#### TASK ITEM
Pictures are to be left out, and only the lines from the one containing "VOLKSWAGEN ATLAS 2019 Белы" through the last line of the data are to be returned exactly.

[Start of section]

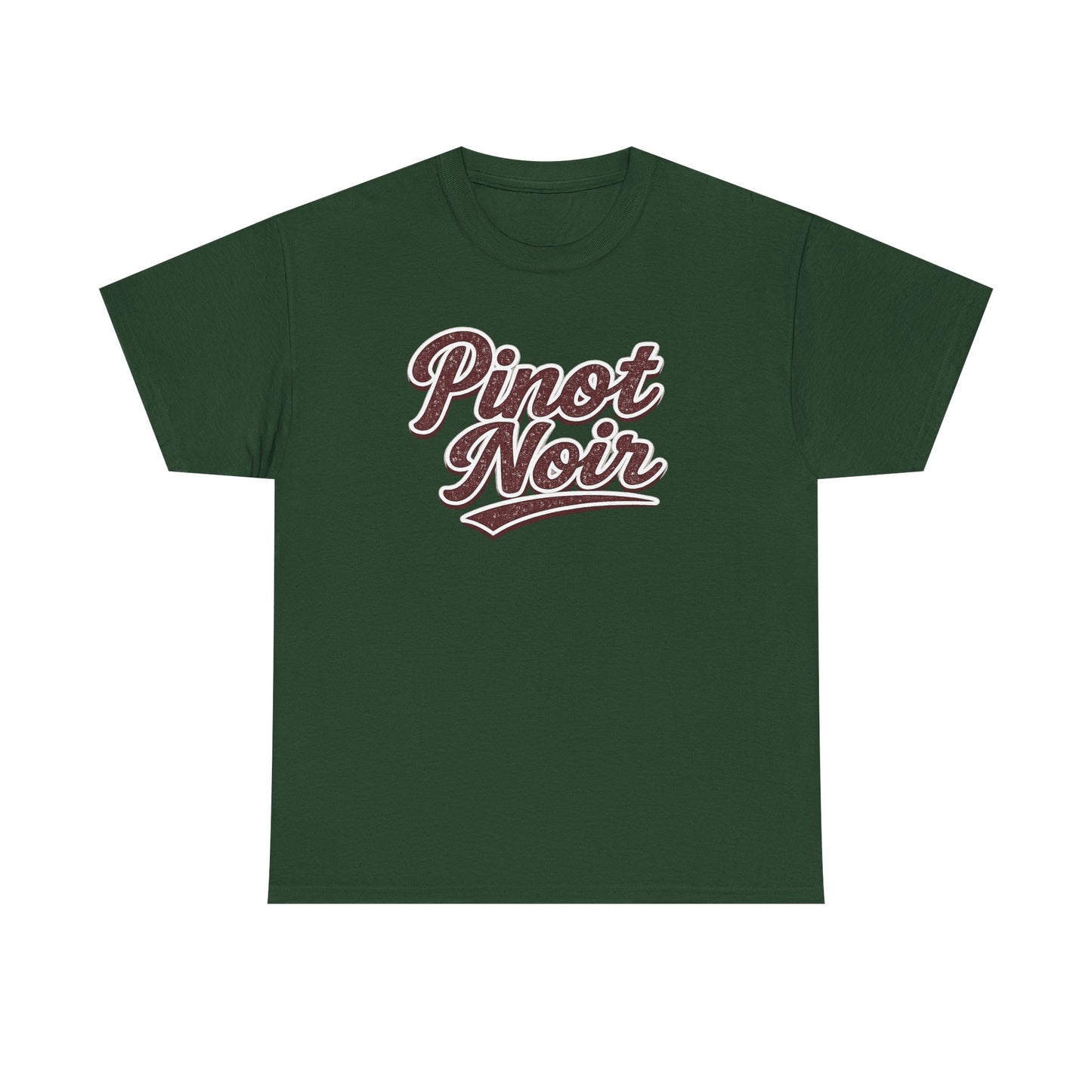 "Pinot Noir" Script T-Shirt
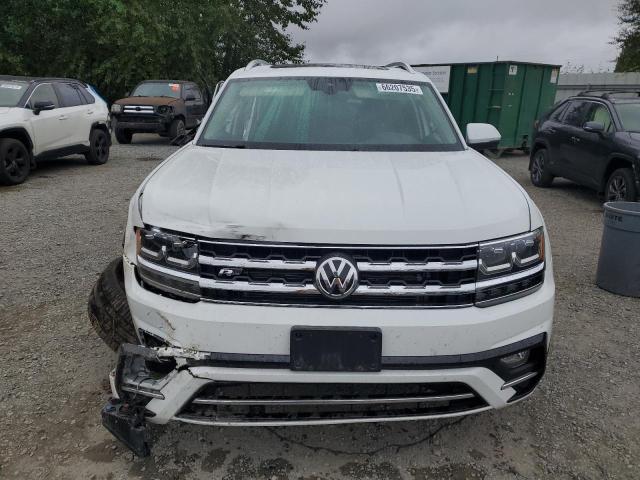  VOLKSWAGEN ATLAS 2019 Белы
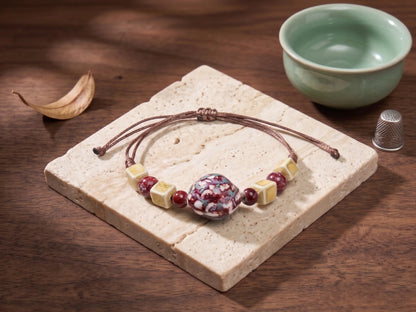 Ceramic bracelet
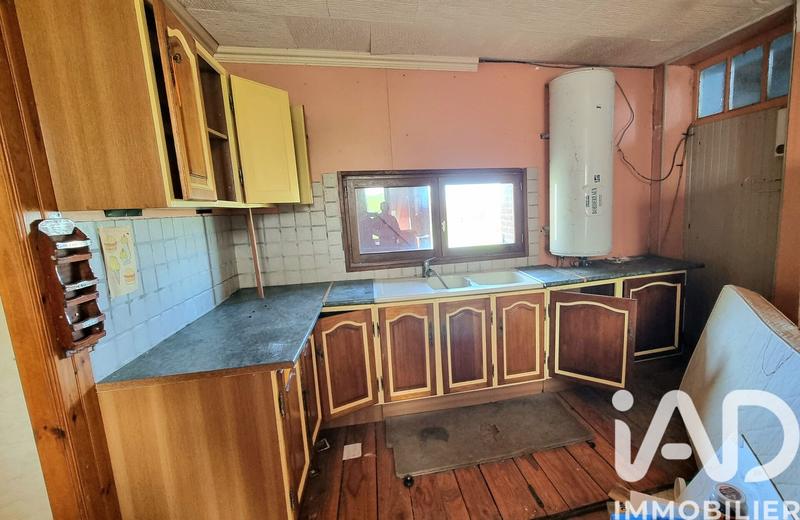 Maison de village - 230 m² - 7 pièces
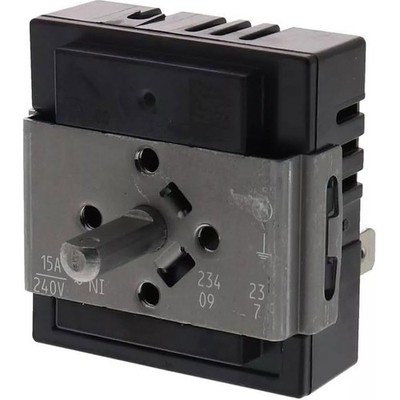 5304522918 Range Infinite Switch Dual Burner Control for Frigidaire Tappen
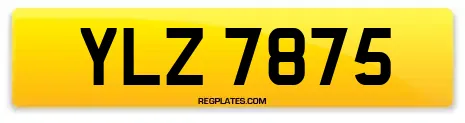 YLZ 7875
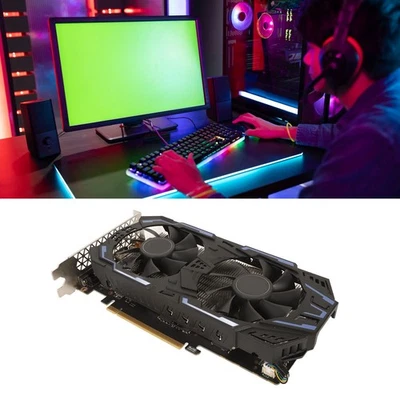 GTX 1060 GDDR5 192Bit Gaming Graphics Card Support HD Multimedia Interface D ECM - Image 1 of 4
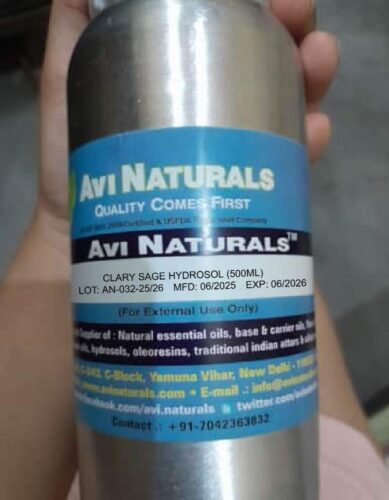 CLARYSAGEHYDROSOL500M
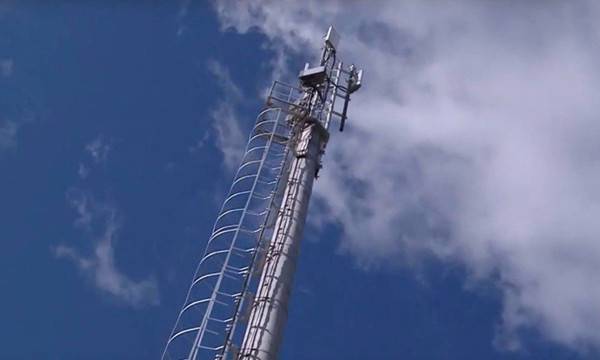 Новые вышки сотовой связи в Смоленской области Новые вышки сотовой связи в Смоленской области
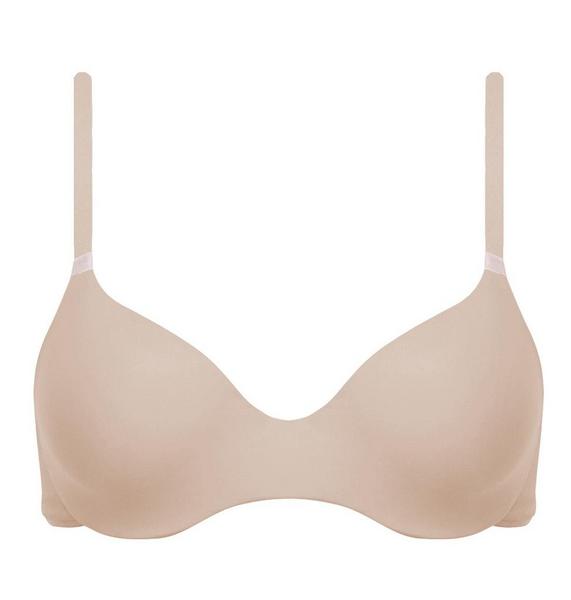 ABSOLUTE INVISIBLE BH GEF - 01N/BEIGE DORE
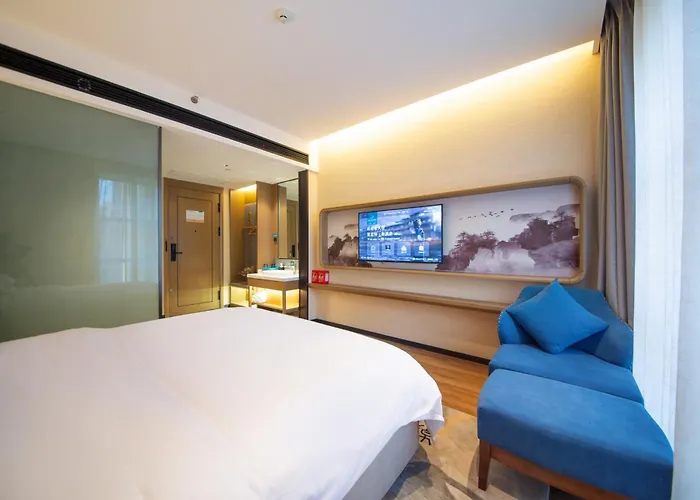 Zhangjiajie Heaven Landscape Hotel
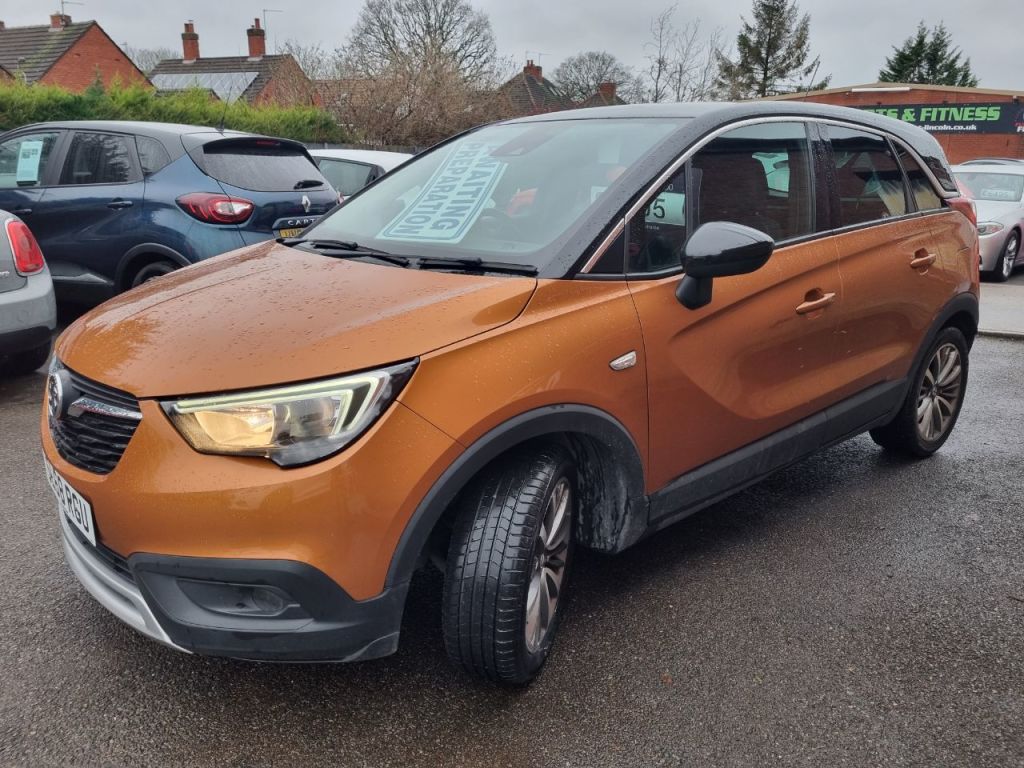 Used Vauxhall Crossland X 2018 for sale - 77341158: Photo 5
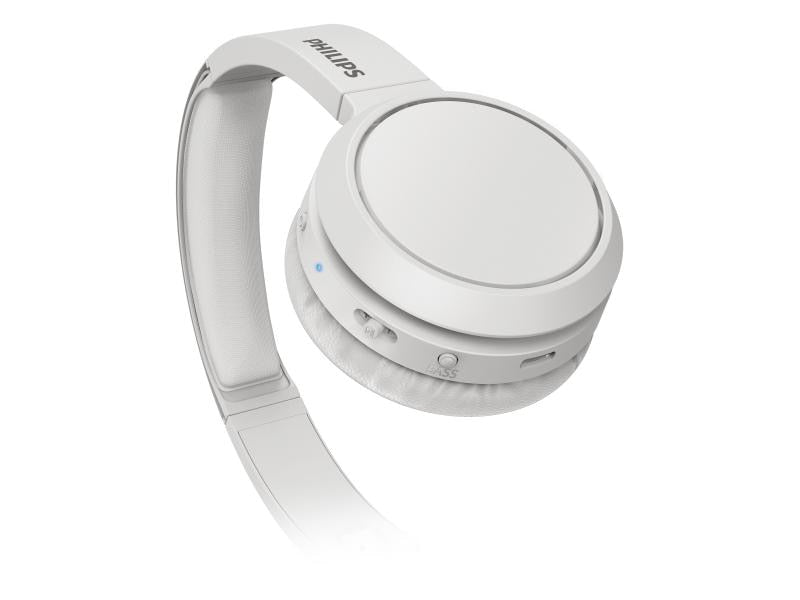 Philips Casques extra-auriculaires Wireless TAH4205WT/00 Blanc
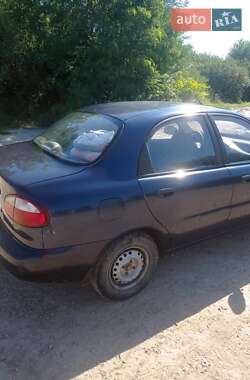 Седан Daewoo Sens 2005 в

[End of section]

#### ANSWER BOX
  VOLKSWAGEN ATLAS 2019 Белы
 Ceramic bracelet
 Maison de village - 230 m² - 7 pièces
 5304522918 Range Infinite Switch Dual Burner Control for Frigidaire Tappen
 YLZ 7875
 GTX 1060 GDDR5 192Bit Gaming Graphics Card Support HD Multimedia Interface D ECM - Image 1 of 4
 CLARYSAGEHYDROSOL500M
 Новые вышки сотовой связи в Смоленской области Новые вышки сотовой связи в Смоленской области
 ABSOLUTE INVISIBLE BH GEF - 01N/BEIGE DORE
 Zhangjiajie Heaven Landscape Hotel
 Used Vauxhall Crossland X 2018 for sale - 77341158: Photo 5
 Philips Casques extra-auriculaires Wireless TAH4205WT/00 Blanc
 Седан Daewoo Sens 2005 в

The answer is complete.